[Opening Extracted entries section]
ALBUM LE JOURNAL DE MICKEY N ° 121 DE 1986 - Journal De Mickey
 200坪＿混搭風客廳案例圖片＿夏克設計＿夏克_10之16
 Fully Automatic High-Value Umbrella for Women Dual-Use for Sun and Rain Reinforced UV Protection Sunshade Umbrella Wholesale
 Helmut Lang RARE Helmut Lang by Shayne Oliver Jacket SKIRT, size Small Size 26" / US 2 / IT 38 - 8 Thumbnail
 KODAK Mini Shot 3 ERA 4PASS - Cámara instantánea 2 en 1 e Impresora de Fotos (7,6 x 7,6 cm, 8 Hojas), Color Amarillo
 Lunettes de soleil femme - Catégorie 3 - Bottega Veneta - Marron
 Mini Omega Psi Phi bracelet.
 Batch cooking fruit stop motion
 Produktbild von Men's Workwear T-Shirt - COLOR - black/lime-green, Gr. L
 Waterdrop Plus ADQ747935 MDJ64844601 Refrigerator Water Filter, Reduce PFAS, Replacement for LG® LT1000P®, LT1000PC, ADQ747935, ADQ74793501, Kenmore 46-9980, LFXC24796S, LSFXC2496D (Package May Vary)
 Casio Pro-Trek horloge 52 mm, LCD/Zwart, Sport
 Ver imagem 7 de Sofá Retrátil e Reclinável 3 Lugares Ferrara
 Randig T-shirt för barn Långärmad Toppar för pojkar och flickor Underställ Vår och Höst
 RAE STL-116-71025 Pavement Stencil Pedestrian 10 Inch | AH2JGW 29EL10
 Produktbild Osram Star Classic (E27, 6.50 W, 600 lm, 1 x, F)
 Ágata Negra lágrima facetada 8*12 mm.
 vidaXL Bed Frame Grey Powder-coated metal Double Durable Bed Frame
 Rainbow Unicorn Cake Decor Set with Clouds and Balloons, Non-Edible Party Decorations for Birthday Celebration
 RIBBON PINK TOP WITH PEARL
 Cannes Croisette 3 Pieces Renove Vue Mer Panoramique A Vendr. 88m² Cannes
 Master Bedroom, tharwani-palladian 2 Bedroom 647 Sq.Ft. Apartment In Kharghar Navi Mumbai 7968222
[Closing Extracted entries section]
Required action » Show all lines above that contain "Mini".

Written answer »
 KODAK Mini Shot 3 ERA 4PASS - Cámara instantánea 2 en 1 e Impresora de Fotos (7,6 x 7,6 cm, 8 Hojas), Color Amarillo
 Mini Omega Psi Phi bracelet.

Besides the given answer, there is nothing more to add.